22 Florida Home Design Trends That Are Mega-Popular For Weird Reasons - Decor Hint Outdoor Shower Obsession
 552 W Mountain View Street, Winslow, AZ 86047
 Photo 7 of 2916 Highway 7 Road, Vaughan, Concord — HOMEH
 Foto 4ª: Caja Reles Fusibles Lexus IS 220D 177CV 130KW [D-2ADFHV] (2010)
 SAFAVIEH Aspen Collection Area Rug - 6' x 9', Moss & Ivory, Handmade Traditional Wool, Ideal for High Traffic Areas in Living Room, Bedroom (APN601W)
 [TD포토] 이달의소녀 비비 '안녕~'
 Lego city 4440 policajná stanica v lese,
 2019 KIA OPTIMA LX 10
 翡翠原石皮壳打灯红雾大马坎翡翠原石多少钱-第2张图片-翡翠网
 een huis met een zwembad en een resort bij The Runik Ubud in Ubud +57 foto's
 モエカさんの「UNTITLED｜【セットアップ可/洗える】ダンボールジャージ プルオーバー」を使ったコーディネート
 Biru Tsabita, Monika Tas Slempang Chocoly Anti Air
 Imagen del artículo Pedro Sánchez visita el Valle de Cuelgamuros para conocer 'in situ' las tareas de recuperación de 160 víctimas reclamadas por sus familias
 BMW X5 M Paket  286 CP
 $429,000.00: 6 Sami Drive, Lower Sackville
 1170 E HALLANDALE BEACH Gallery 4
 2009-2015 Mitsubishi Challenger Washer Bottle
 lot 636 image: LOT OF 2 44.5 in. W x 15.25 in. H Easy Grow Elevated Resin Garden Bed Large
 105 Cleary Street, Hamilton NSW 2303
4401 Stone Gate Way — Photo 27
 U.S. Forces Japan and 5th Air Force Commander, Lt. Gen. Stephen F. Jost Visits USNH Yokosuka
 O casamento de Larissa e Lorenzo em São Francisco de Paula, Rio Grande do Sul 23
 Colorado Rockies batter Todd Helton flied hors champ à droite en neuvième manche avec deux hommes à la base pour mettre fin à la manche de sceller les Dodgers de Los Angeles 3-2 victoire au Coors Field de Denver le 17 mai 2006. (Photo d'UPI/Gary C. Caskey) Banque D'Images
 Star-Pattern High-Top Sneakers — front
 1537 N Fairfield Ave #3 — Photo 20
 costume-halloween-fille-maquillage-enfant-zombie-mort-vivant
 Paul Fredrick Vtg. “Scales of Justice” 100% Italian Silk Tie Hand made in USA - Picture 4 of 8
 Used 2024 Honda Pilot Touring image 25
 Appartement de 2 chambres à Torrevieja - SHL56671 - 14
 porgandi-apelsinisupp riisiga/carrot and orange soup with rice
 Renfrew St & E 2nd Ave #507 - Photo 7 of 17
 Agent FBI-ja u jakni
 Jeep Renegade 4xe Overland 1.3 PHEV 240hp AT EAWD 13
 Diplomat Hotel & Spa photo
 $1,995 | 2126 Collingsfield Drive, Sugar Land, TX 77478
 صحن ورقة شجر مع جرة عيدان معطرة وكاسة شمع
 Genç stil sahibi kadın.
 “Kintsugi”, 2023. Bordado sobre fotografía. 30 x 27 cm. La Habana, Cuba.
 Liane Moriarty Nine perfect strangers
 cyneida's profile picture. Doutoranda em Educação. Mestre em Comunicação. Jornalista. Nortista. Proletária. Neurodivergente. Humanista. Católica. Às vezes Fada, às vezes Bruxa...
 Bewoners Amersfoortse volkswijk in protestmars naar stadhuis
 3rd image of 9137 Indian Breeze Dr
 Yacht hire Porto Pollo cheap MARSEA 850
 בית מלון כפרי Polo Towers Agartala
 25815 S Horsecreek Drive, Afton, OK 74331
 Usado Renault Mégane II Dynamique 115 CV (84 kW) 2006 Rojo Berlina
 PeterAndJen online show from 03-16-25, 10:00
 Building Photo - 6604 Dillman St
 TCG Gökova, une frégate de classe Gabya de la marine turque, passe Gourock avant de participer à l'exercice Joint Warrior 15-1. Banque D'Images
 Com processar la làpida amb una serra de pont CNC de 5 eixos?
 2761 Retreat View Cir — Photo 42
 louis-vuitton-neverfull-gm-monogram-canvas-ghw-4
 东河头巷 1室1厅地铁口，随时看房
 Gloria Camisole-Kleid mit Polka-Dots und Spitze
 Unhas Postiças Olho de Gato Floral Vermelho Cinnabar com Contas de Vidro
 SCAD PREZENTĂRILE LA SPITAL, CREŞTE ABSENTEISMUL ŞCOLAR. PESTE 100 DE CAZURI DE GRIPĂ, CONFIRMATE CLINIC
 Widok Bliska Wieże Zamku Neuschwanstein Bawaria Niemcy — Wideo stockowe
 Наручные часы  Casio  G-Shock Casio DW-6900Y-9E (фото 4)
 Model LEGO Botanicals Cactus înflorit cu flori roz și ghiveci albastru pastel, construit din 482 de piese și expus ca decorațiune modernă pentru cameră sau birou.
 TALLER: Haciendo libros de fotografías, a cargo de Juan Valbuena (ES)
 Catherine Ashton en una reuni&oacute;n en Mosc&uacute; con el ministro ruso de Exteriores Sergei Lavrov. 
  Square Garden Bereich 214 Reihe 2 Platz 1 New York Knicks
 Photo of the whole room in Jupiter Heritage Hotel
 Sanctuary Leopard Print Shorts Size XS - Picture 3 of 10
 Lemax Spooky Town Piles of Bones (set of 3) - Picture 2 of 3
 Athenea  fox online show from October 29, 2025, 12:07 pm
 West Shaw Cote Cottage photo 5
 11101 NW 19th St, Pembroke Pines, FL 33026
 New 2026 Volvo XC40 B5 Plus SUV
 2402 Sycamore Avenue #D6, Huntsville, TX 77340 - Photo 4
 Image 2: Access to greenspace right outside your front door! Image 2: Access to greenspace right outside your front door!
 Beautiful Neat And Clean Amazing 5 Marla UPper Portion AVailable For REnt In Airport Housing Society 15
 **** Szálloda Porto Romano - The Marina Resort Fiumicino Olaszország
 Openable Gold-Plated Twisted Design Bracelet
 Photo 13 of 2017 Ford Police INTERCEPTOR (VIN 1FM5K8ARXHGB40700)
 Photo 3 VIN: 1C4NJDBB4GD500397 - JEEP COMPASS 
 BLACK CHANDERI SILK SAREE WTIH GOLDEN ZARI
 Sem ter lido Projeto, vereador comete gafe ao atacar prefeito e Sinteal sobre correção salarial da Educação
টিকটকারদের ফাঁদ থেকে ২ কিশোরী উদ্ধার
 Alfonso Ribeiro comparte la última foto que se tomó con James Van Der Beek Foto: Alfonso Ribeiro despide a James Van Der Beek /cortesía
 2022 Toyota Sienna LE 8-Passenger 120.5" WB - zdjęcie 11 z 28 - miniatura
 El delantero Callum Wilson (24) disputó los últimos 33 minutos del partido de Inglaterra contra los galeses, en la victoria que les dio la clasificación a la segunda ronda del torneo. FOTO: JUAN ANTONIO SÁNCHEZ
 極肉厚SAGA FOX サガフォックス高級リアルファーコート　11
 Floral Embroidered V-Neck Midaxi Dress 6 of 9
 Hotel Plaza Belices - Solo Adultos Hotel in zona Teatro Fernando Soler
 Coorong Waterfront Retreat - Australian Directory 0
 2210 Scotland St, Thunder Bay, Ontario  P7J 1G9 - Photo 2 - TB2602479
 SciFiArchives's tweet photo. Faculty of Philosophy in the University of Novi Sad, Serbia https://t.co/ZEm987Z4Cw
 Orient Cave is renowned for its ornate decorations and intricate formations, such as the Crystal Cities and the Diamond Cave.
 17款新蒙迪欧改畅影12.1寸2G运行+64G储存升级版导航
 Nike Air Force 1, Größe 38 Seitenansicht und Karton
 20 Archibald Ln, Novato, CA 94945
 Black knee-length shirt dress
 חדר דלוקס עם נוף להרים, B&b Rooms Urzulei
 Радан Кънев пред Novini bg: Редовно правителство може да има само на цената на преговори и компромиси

- Assignment
In the material above, find each line that contains the word "Retreat", and select it.

- Result below
 2761 Retreat View Cir — Photo 42
 Coorong Waterfront Retreat - Australian Directory 0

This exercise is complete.